One of the things I’ve always liked is linked content. Yet support for crosslinks in Jekyll seems to be lacking; you can write a Liquid expression to look up other posts but it’s nontrivial and, honestly, wants more knowledge of Liquid and Jekyll internals than I want.

I use slug in Jekyll front matter to help me build links - and it turns out I can use that. I now have a “wikilink” plugin that allows me to have an expression to refer to other pages.

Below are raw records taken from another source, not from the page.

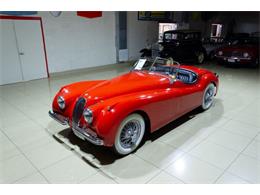 1954 Jaguar XK120 (CC-2003334) for sale in Rockville, Maryland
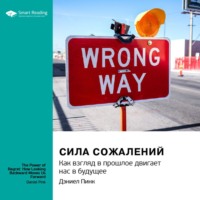 . Сила сожалений. Как взгляд в прошлое двигает нас в будущее. Дэниел Пинк. Саммари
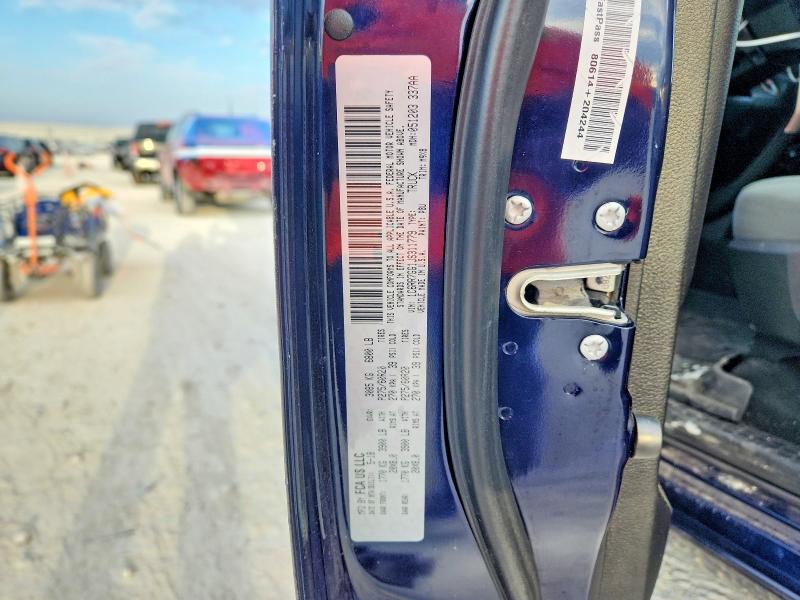 Aukcja sprzedaży 2018 Ram 1500, vin: 1C6RR7GG1JS311779, numer aukcji: 67501016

It looks like this in Markdown: {% wikilink 'slug-reference' 'Optional Title' %}. With this, I can refer to a page’s slug and have the title injected as the link text, or I can provide my own text. A broken link like {% wikilink 'not-a-real-slug' 'this is not a real destination' %} gets rendered like: this is not a real destination so that I can see it easily when I get something wrong; it also emits a warning in the build process.

A real destination - like a reference to the “fiction” archives - looks like this: Fiction Archives. The actual Markdown for that link looks like this: {% wikilink 'fiction-slug' 'Fiction Archives' %}.

There’s also external slug support. I have a data file with a set of common external links and I can use them as fallbacks - so if I have a slug for jekyll it’ll use my internal link, but if I don’t, I can use {% wl 'jekyll' %} and have that generate a viable reference. (This is how the next paragraph works, actually!)

If you use Jekyll, well… how do you address the crossreferencing problem? I feel like this should be distressingly common, really, and maybe I’m solving a problem that’s already been solved, and I just haven’t seen it. If you’d like me to build a project out of the wikilink plugin, feel free to let me know - but note that I’m not really a Ruby developer, so you’ll have to provide some clear guidance for me to do it well.